3. Newly-started servers (`l4d2ctl start <name>` or web UI start) are enable-based from the first invocation.
If something goes wrong — e.g., the helper rejects a previously-valid invocation or the poller floods the journal — the helper script + `service_control.py` change can be reverted independently of the poller, and vice versa.
## Open questions
None blocking. v2 candidates:
- Auto-restart on `desired_state=running && actual_state=stopped` (separate UX decision).
- Per-server poll intervals or backoff for repeatedly-failing servers.

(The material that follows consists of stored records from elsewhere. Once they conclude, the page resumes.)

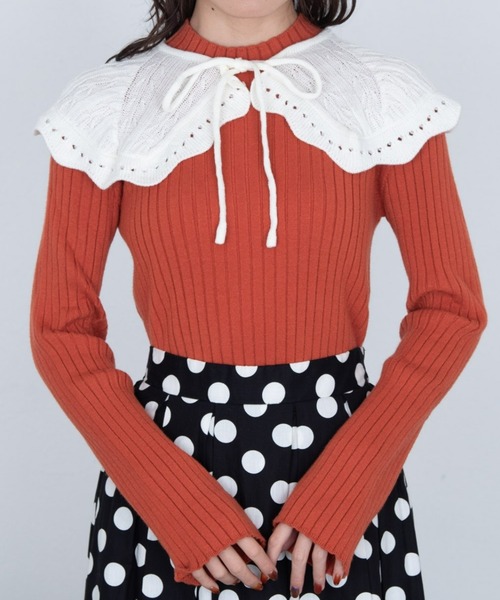 MERLOT(メルロー)の「カラーハイネックニット(ニット/セーター・レディース・アイボリー/オレンジ/グリーン/マスタード/ブラック・FREE)」の1枚目の写真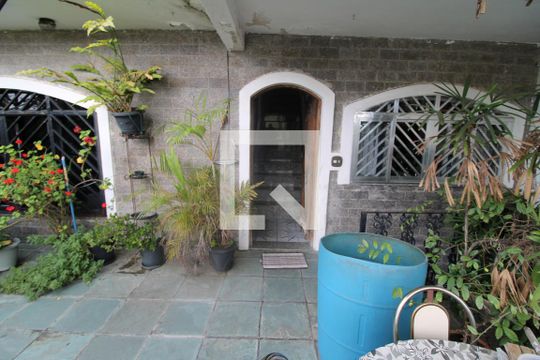 Área Comum de casa à venda com 3 quartos, 150m² em Vila Nilo, São Paulo
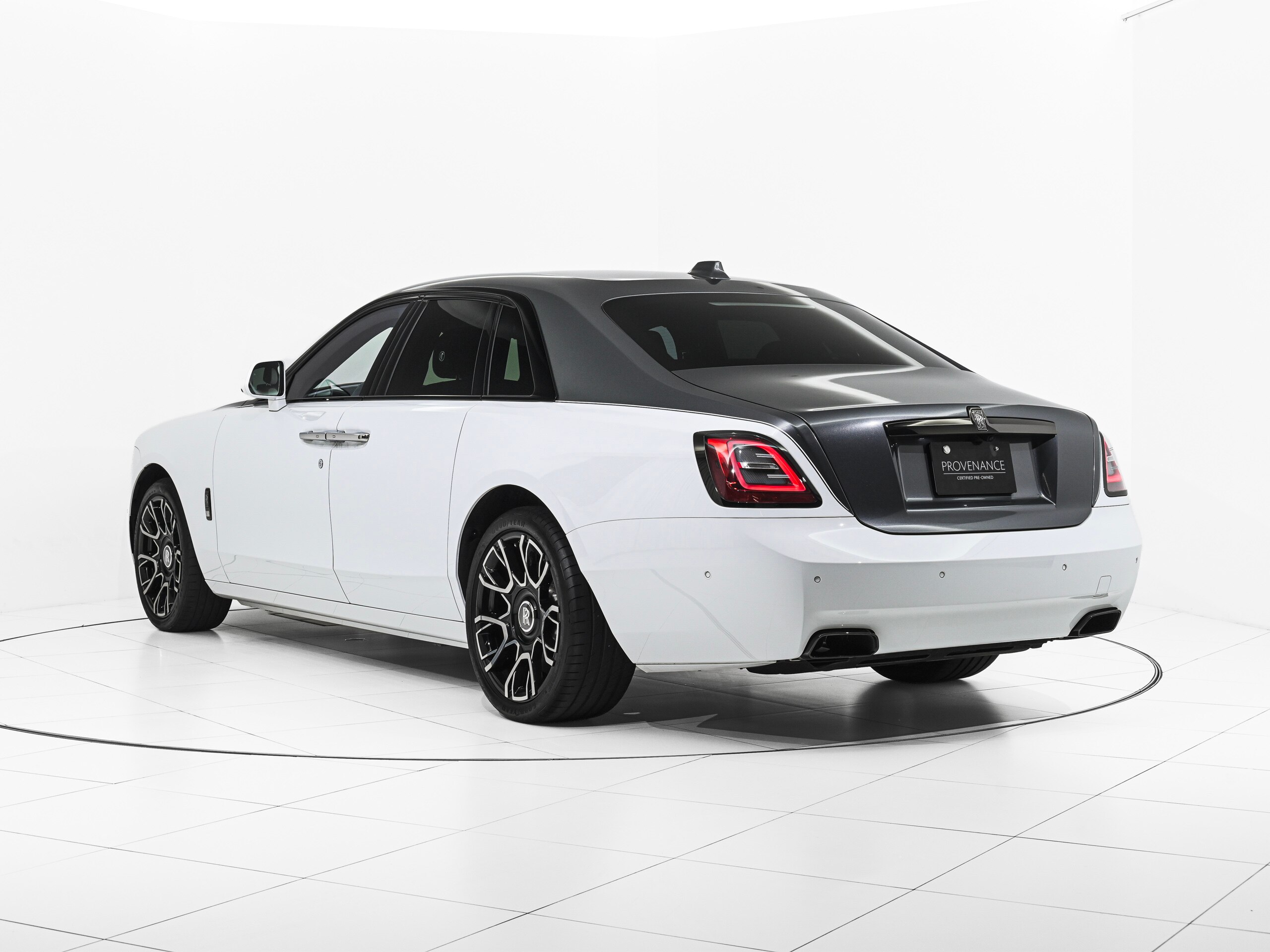 2022 Rolls-Royce Black Badge Ghost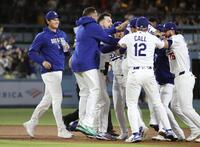 ９回、チームがサヨナラ勝ちし、喜ぶ大谷（左端）ら（共同）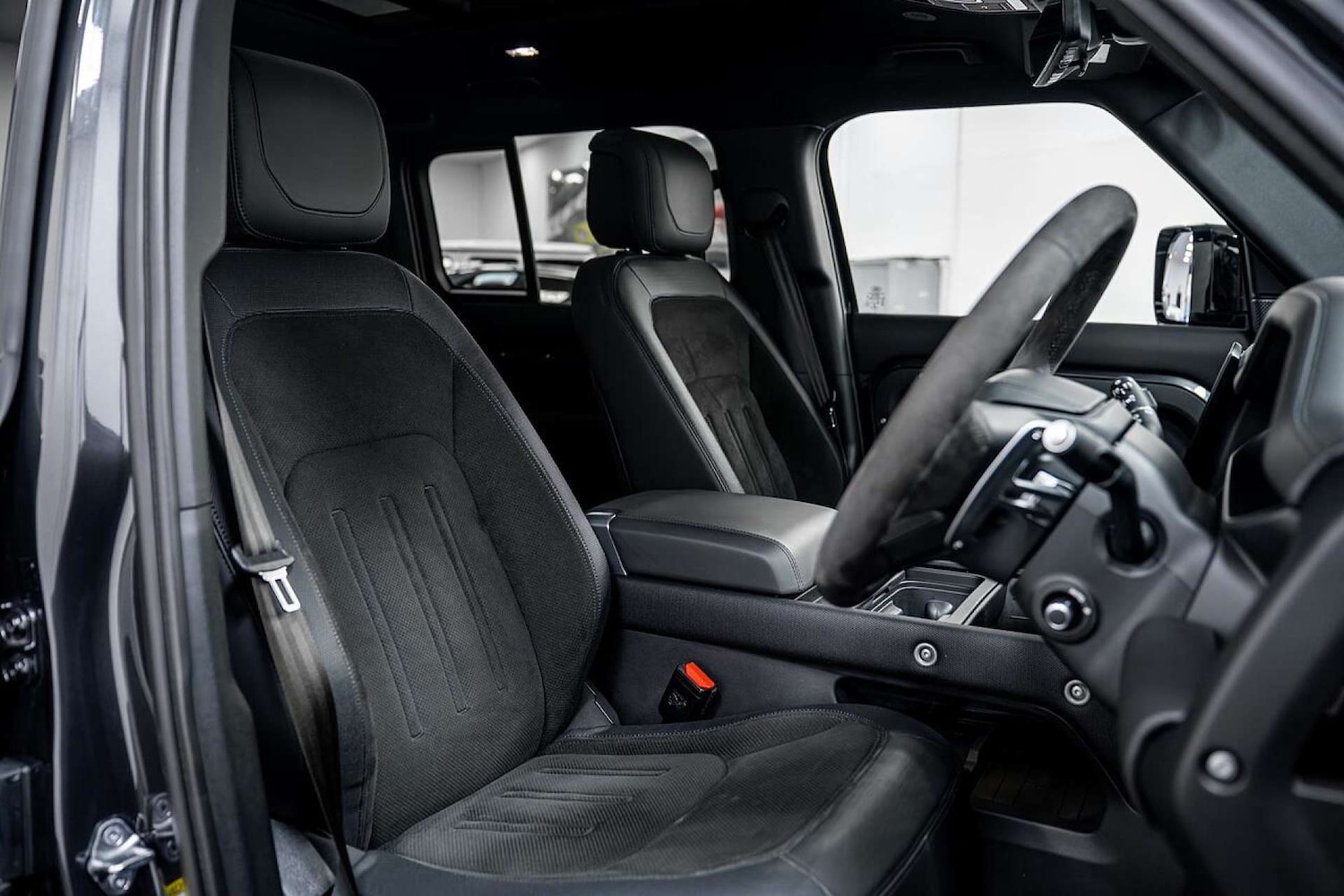 Used Land Rover Defender 2022 for sale - 77406636: Photo 3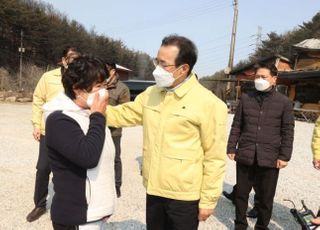 이성희 농협중앙회장, 울진·삼척 산불 피해현장 방문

- A "drift" badge in the UI when `actual_state_updated_at` is older than 2× the poll interval (proxy for "the poller isn't running" or "the host is unreachable").
## References
- systemd.unit(5) — `WantedBy=`, `Install` section semantics.
- systemctl(1) — `enable --now` / `disable --now` flags.
- Existing perf-baseline spec: `docs/superpowers/specs/2026-05-09-l4d2-server-host-perf-baseline-design.md`.
- Existing CPU-isolation spec: `docs/superpowers/specs/2026-05-09-l4d2-cpu-isolation-design.md`.
- `AGENTS.md` — Host CLI write-command set is fixed; this spec preserves that contract.